Storage Systems in Edge Computing Infrastructures

Storage Systems in Edge Computing Infrastructures: Comparison

Please note this is a comparison between Version 1 by Antonios Makris and Version 2 by Sirius Huang.

Edge computing constitutes a promising paradigm of managing and processing the massive amounts of data generated by Internet of Things (IoT) devices. Data and computation are moved closer to the client, thus enabling latency- and bandwidth-sensitive applications. However, the distributed and heterogeneous nature of the edge as well as its limited resource capabilities pose several challenges in implementing or choosing an efficient edge-enabled storage system. Therefore, it is imperative for the research community to contribute to the clarification of the purposes and highlight the advantages and disadvantages of various edge-enabled storage systems.

blockchain
object storage
file storage
databases
edge computing
secure storage

1. Introduction

The amount of data generated by Internet of Things (IoT) devices is expected to grow dramatically in the future. According to Cisco [1], there will be almost 30 billion devices connected to the network by the end of 2023. Therefore, existing infrastructures will not be able to support, manage, and process such massive amounts of data. In fact, the current cloud infrastructure alone cannot support a large number of the current IoT applications as end devices are usually distant from the cloud servers, thus adding processing and network overhead, resulting in high latency, low bandwidth, and overall performance degradation.
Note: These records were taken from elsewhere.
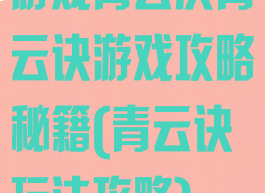 游戏青云决青云诀游戏攻略秘籍(青云诀玩法攻略)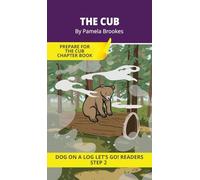 The Cub: Short Decodable Books Prepare Students for Reading DOG ON A LOG Decodable Chapter Books. For Beginning Readers and Students with Dyslexia. (Step 2-Floss Rule-Double f, l, s, z): 10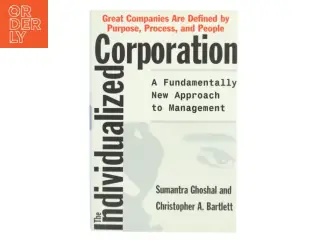 The individualized corporation : A fundementally new approach to management (Bog)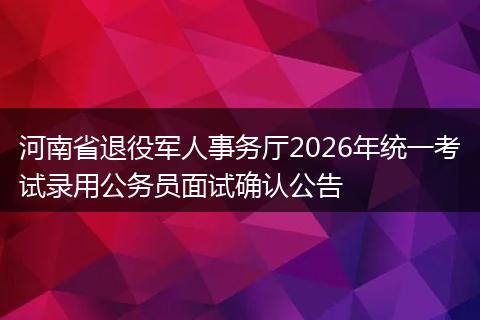河南省退役军人事务厅2026年统一考试录用公务员面试确认公告
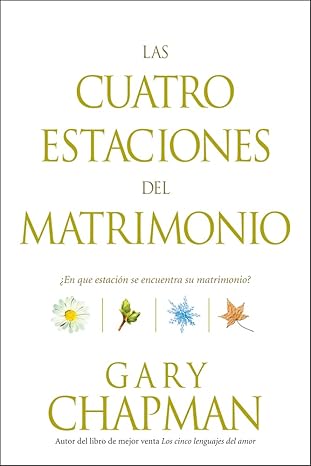 las cuatro estaciones del matrimonio en qu estaci n se encuentra su matrimonio 1st edition gary chapman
A conceptual approach which combines the benefits of the cloud and the decentralized processing of services on edge devices is known as edge computing. Edge computing is a promising paradigm able to avoid network bottlenecks, overcome communication overheads, and reduce the data transfer delay ^{[2][3][4][5][6][7][8][9]}[2,3,4,5,6,7,8,9], as the computational load is moved to the edge of the network, thus leveraging the computational capabilities of the edge nodes. Resource-rich computational resources are placed closer to mobile or IoT devices [10] and therefore edge computing offers higher scalability and availability than traditional cloud platforms ^[11][12][11,12]. Over the years, several edge architectures have been proposed to improve throughput, latency, and network coverage ^[13][14][13,14]. In order to realize the cloud/edge integration, various technologies from different domains should be combined, including computing, network, and application-oriented fragments [15].

One of the main challenges in the development of applications at the edge is the efficient data sharing between the edge nodes, and it can be accomplished within individual application frameworks or through an external storage service. Despite significant improvements in offering an efficient edge storage solution, there are still some issues to be addressed related to the functional and non-functional requirements of cloud/edge-based applications, including low data retrieval latency, high availability and integrity, dealing with a potential shortage of storage resources at an edge node, supporting rapid application component deployment or automatic restart/replacement of unresponsive components, and dealing with the high heterogeneity presented in edge environments. These requirements can be achieved by optimizing resource usage, allocation, and data management plans on edge devices. Hence, the edge storage needs to provide a reliable, fast, stable, and secure shared storage engine, and because it is designed for edge devices with limited resource capabilities, it needs to be extremely lightweight.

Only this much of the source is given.